Thursday, April 28, 2022
Team Indiana chose to participate in the National Care Coordination Academy (NCCA) to learn and share with other care coordination innovators. In this interview, Mary Ciccarelli, MD, Clinical Director for Team Indiana, discusses how participation in the NCCA assisted in her team’s journey toward expanding care coordination services across the state. Their care coordination innovations include a training and coaching curriculum for care coordinators and Care Coordination Playbooks to facilitate system navigation. This conversation has been edited for length and clarity by Candace Jarzombek, CMC CoIIN Graduate Research Fellow.
What are you most proud of achieving as part of the NCCA?
We used our participation in the CoIIN network, as well as the NCCA, as leverage in our own state to push forward conversations we were having about piloting models with Medicaid. I attribute our joining the CoIIN four years ago as the event that pushed our state to say, “okay, if we’re going to [invest in care coordination] at any time, this might as well be it.” The NCCA was another different crowbar to try to open that door. We are planning for a launch of a big demonstration project now as a statewide expansion of care coordination using COVID relief dollars. The state is preparing to invest $9 million in this over the next three years. Our state’s never done that before, and it’s an opportunity we can’t blink our eyes at.
What innovations in your care coordination model did you make as part of the CoIIN and NCCA?
Our main innovation is our care coordinator virtual coaching model. We hired a very experienced care coordinator nurse and an experienced social worker and built a first-week orientation with a five-month high-intensity training curriculum followed by a longitudinal coaching model. In the high intensity curriculum, there are weekly didactic sessions spanning 20 key content areas as well as weekly open-ended coaching sessions, for specific case discussions.
After the first six months, there are episodic video conference lectures for the statewide cohort of nurses. We try twice a year to do something face-to-face because physically being together is important in terms of the care coordinators’ ability to relationally make use of each other in the coaching sessions.
What content or resources have you developed as part of this coaching model?
We have about 30 documents called Care Coordination Playbooks that are process recommendations of how to navigate the complex systems of care across both health and social systems. For example, how do you get a wheelchair fixed through Medicaid or through an alternative source if Medicaid won’t cover it? The playbooks cover the “work around methods,” like special community resources, such as churches, who will help us. They encourage care coordinators to get to know their own community and to know which door to knock on when you have an unusual request.

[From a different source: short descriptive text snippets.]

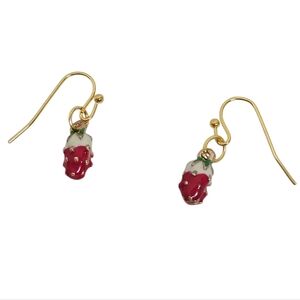 Dainty Enamel Strawberry Charm Dangle Earrings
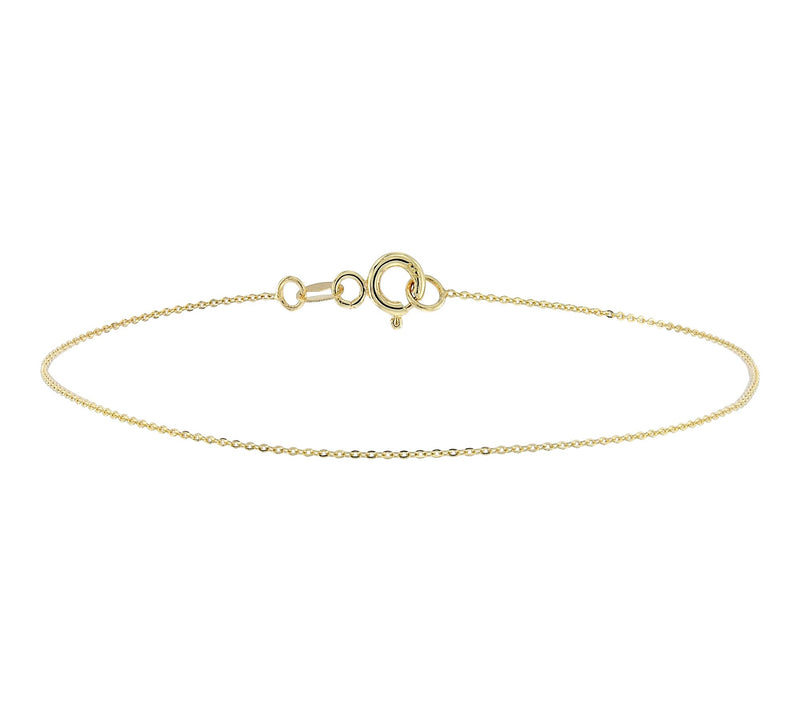 Adorna 14K Gold 0.8mm Solid Cable Chain Bracelet — Main view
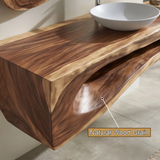 Hollowmere Sculpted Solid Wood Floating Bathroom Vanity with Open Storage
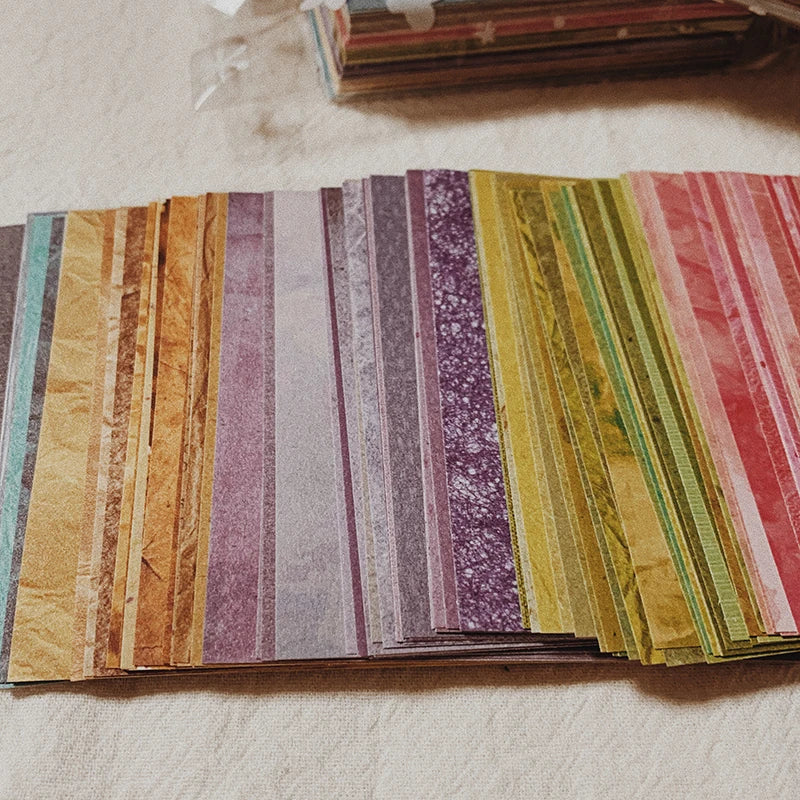 Retro, Vintage Beauty and Style 150 Pcs Rainbow Craft Paper Pack for Junk Journals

At the simplest level, the Playbooks took the lengthy Medicaid provider manuals, often over 300 pages, and translate them into, “So you want to get incontinence supplies. Okay. Which plan is the patient on? Which provider will cover that? Here’s how to do it.” The Playbooks explain the home and community-based waivers and the key choices families have to make related to them, and help care coordinators to counsel families on which choice is the right one for them at the current time. It is one of our principles that by training care coordinators, we want them to be skilled to do the right thing, at the right time, for the right person, which is more targeted and precise and hopefully yields more effective outcomes, rather than just tossing all the resources at a new team member.
What do you think is next for Indiana’s care coordination program?
It is the goal, in the three years of this expansion, to prove that we can move this model up to scale. We’ll move from 300 to 3000 covered patients over the next three years. If we can prove the model works at a scale of 3000, then we’ll plan to launch it statewide at the completion of the demonstration project. The other big innovation of this next demonstration is that we will expand beyond pediatric practices. In year two, we’ll start rolling in practices who are for adults with intellectual and developmental disability (IDD). A substantive problem in the care of children with medical complexity is their transition to adult care and the diminished access to care, or perceived diminished access, in the adult world, particularly for people with IDD.
Is there anything else you would like to share about Team Indiana’s work?
Our work in social determinants of health (SDOH) has led to a large facet of our Playbooks. We’re trying to decide at the children’s hospital level how to do general SDOH screening for everyone. However, for those with medical complexity, we feel that you have to do a deeper dive into social complexity to help you identify and modify barriers to quality outcomes. We’re currently planning to continue to use a more advanced assessment tool in that population. We hope to prove that by using an expanded assessment, we serve our families with more measurable success.